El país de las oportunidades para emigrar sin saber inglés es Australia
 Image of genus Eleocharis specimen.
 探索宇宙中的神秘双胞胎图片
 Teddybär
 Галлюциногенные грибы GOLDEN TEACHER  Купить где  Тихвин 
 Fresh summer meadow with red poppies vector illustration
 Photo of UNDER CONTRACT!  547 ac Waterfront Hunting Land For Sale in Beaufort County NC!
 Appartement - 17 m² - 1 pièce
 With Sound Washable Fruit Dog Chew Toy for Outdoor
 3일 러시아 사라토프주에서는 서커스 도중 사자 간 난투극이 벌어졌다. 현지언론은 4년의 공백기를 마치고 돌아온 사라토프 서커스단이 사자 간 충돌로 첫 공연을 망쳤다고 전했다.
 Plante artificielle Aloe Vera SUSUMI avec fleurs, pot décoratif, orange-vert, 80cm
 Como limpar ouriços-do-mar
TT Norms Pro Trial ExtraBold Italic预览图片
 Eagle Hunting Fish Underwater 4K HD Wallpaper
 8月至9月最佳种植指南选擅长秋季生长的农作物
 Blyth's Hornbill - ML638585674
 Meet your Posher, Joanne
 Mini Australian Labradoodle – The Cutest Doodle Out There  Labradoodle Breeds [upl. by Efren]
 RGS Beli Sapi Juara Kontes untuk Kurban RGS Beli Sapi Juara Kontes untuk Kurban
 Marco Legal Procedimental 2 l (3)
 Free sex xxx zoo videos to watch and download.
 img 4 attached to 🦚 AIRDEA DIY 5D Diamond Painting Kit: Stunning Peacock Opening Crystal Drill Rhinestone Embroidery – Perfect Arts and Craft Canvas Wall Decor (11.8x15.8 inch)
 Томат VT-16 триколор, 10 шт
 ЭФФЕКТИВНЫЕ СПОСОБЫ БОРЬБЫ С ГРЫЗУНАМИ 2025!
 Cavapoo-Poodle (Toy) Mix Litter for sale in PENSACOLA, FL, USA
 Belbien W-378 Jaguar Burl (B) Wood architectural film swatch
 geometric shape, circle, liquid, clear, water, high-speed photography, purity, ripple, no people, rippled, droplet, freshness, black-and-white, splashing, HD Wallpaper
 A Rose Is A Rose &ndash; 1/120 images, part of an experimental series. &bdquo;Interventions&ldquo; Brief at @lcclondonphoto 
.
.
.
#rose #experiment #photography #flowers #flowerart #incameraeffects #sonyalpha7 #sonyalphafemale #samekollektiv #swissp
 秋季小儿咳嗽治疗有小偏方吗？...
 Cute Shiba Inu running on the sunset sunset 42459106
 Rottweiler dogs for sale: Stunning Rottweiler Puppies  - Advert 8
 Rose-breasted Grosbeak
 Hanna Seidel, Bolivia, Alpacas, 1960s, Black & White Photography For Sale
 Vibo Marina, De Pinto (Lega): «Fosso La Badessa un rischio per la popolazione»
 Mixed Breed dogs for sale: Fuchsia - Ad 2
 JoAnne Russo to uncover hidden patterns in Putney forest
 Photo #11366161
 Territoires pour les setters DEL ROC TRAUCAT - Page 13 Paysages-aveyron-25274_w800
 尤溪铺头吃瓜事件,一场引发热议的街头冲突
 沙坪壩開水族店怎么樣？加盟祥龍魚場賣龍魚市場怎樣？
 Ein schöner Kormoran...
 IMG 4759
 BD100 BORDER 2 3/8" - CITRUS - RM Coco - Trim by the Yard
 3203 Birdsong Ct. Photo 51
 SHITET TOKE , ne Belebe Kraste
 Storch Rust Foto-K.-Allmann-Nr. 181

========

▶ _WHAT IS BEING ASKED_: Working from the material above, retype it in its entirety without change.

▶ _EXERCISE ANSWER_:
El país de las oportunidades para emigrar sin saber inglés es Australia
 Image of genus Eleocharis specimen.
 探索宇宙中的神秘双胞胎图片
 Teddybär
 Галлюциногенные грибы GOLDEN TEACHER  Купить где  Тихвин 
 Fresh summer meadow with red poppies vector illustration
 Photo of UNDER CONTRACT!  547 ac Waterfront Hunting Land For Sale in Beaufort County NC!
 Appartement - 17 m² - 1 pièce
 With Sound Washable Fruit Dog Chew Toy for Outdoor
 3일 러시아 사라토프주에서는 서커스 도중 사자 간 난투극이 벌어졌다. 현지언론은 4년의 공백기를 마치고 돌아온 사라토프 서커스단이 사자 간 충돌로 첫 공연을 망쳤다고 전했다.
 Plante artificielle Aloe Vera SUSUMI avec fleurs, pot décoratif, orange-vert, 80cm
 Como limpar ouriços-do-mar
TT Norms Pro Trial ExtraBold Italic预览图片
 Eagle Hunting Fish Underwater 4K HD Wallpaper
 8月至9月最佳种植指南选擅长秋季生长的农作物
 Blyth's Hornbill - ML638585674
 Meet your Posher, Joanne
 Mini Australian Labradoodle – The Cutest Doodle Out There  Labradoodle Breeds [upl. by Efren]
 RGS Beli Sapi Juara Kontes untuk Kurban RGS Beli Sapi Juara Kontes untuk Kurban
 Marco Legal Procedimental 2 l (3)
 Free sex xxx zoo videos to watch and download.
 img 4 attached to 🦚 AIRDEA DIY 5D Diamond Painting Kit: Stunning Peacock Opening Crystal Drill Rhinestone Embroidery – Perfect Arts and Craft Canvas Wall Decor (11.8x15.8 inch)
 Томат VT-16 триколор, 10 шт
 ЭФФЕКТИВНЫЕ СПОСОБЫ БОРЬБЫ С ГРЫЗУНАМИ 2025!
 Cavapoo-Poodle (Toy) Mix Litter for sale in PENSACOLA, FL, USA
 Belbien W-378 Jaguar Burl (B) Wood architectural film swatch
 geometric shape, circle, liquid, clear, water, high-speed photography, purity, ripple, no people, rippled, droplet, freshness, black-and-white, splashing, HD Wallpaper
 A Rose Is A Rose &ndash; 1/120 images, part of an experimental series. &bdquo;Interventions&ldquo; Brief at @lcclondonphoto 
.
.
.
#rose #experiment #photography #flowers #flowerart #incameraeffects #sonyalpha7 #sonyalphafemale #samekollektiv #swissp
 秋季小儿咳嗽治疗有小偏方吗？...
 Cute Shiba Inu running on the sunset sunset 42459106
 Rottweiler dogs for sale: Stunning Rottweiler Puppies  - Advert 8
 Rose-breasted Grosbeak
 Hanna Seidel, Bolivia, Alpacas, 1960s, Black & White Photography For Sale
 Vibo Marina, De Pinto (Lega): «Fosso La Badessa un rischio per la popolazione»
 Mixed Breed dogs for sale: Fuchsia - Ad 2
 JoAnne Russo to uncover hidden patterns in Putney forest
 Photo #11366161
 Territoires pour les setters DEL ROC TRAUCAT - Page 13 Paysages-aveyron-25274_w800
 尤溪铺头吃瓜事件,一场引发热议的街头冲突
 沙坪壩開水族店怎么樣？加盟祥龍魚場賣龍魚市場怎樣？
 Ein schöner Kormoran...
 IMG 4759
 BD100 BORDER 2 3/8" - CITRUS - RM Coco - Trim by the Yard
 3203 Birdsong Ct. Photo 51
 SHITET TOKE , ne Belebe Kraste
 Storch Rust Foto-K.-Allmann-Nr. 181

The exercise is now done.